■ Problem to solve ■
Look through the material below. Return exactly the lines from the one with "Dryer Vent Hose Replacement Annadale - NY" through the one with "2025타경133 법원경매 사진7 | 전남 구례군 답 경매", both included.

■ Source data ■
- - - - - - -
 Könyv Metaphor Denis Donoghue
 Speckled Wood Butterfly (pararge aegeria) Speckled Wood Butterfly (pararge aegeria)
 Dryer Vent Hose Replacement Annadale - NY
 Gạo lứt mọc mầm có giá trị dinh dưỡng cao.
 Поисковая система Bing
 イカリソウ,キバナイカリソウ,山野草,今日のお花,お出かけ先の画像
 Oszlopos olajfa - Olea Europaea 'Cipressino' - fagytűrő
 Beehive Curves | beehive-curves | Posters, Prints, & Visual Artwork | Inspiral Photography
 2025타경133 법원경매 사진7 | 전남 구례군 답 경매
- - - - - - -
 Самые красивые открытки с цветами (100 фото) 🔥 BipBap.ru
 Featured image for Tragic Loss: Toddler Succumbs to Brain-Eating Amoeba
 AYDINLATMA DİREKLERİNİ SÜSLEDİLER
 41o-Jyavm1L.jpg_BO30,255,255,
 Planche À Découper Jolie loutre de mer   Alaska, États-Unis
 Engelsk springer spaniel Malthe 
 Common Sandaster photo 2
- - - - - - -
■ Answer box ■
 Dryer Vent Hose Replacement Annadale - NY
 Gạo lứt mọc mầm có giá trị dinh dưỡng cao.
 Поисковая система Bing
 イカリソウ,キバナイカリソウ,山野草,今日のお花,お出かけ先の画像
 Oszlopos olajfa - Olea Europaea 'Cipressino' - fagytűrő
 Beehive Curves | beehive-curves | Posters, Prints, & Visual Artwork | Inspiral Photography
 2025타경133 법원경매 사진7 | 전남 구례군 답 경매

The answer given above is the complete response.